## Record excerpts
-- Opening Marker --
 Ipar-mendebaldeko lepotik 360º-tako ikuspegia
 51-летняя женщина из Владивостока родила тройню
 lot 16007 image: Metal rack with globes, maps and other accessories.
-- Closing Marker --
-- Opening Marker --
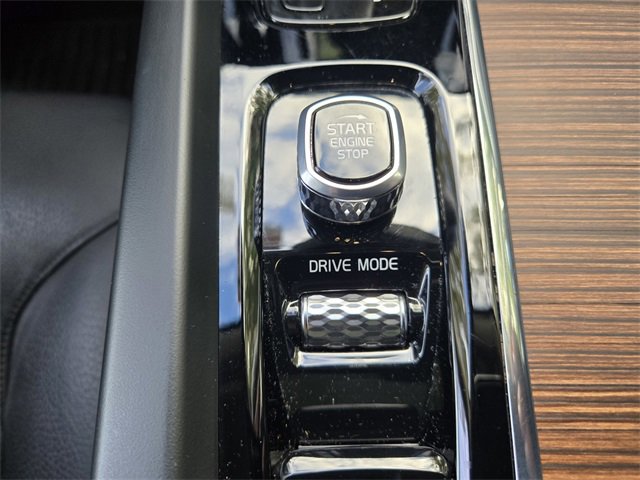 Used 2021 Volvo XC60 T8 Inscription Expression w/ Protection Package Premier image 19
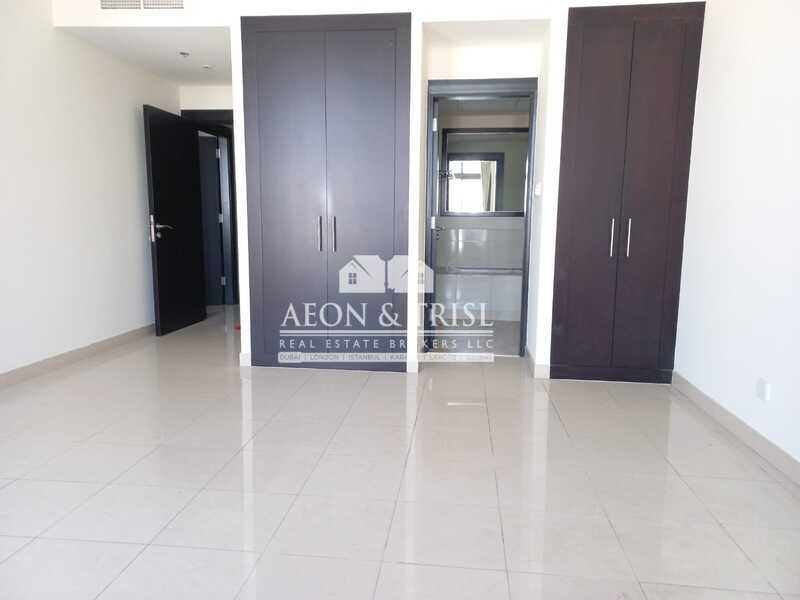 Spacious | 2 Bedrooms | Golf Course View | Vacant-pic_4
-- Closing Marker --
-- Opening Marker --
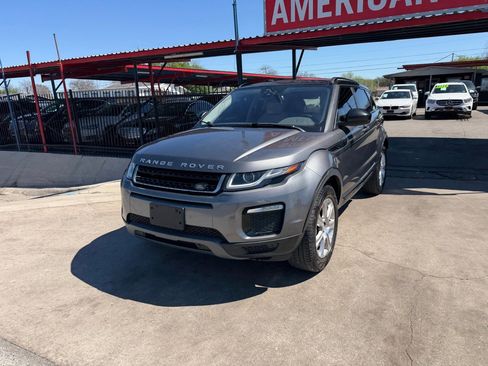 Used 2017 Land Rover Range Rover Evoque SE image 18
-- Closing Marker --
## Task to carry out
Your reply should hold nothing but the lines above, from the one containing "Used 2021 Volvo" to the one containing "Spacious | 2", reproduced exactly minus the pictures.

## The answer
 Used 2021 Volvo XC60 T8 Inscription Expression w/ Protection Package Premier image 19
 Spacious | 2 Bedrooms | Golf Course View | Vacant-pic_4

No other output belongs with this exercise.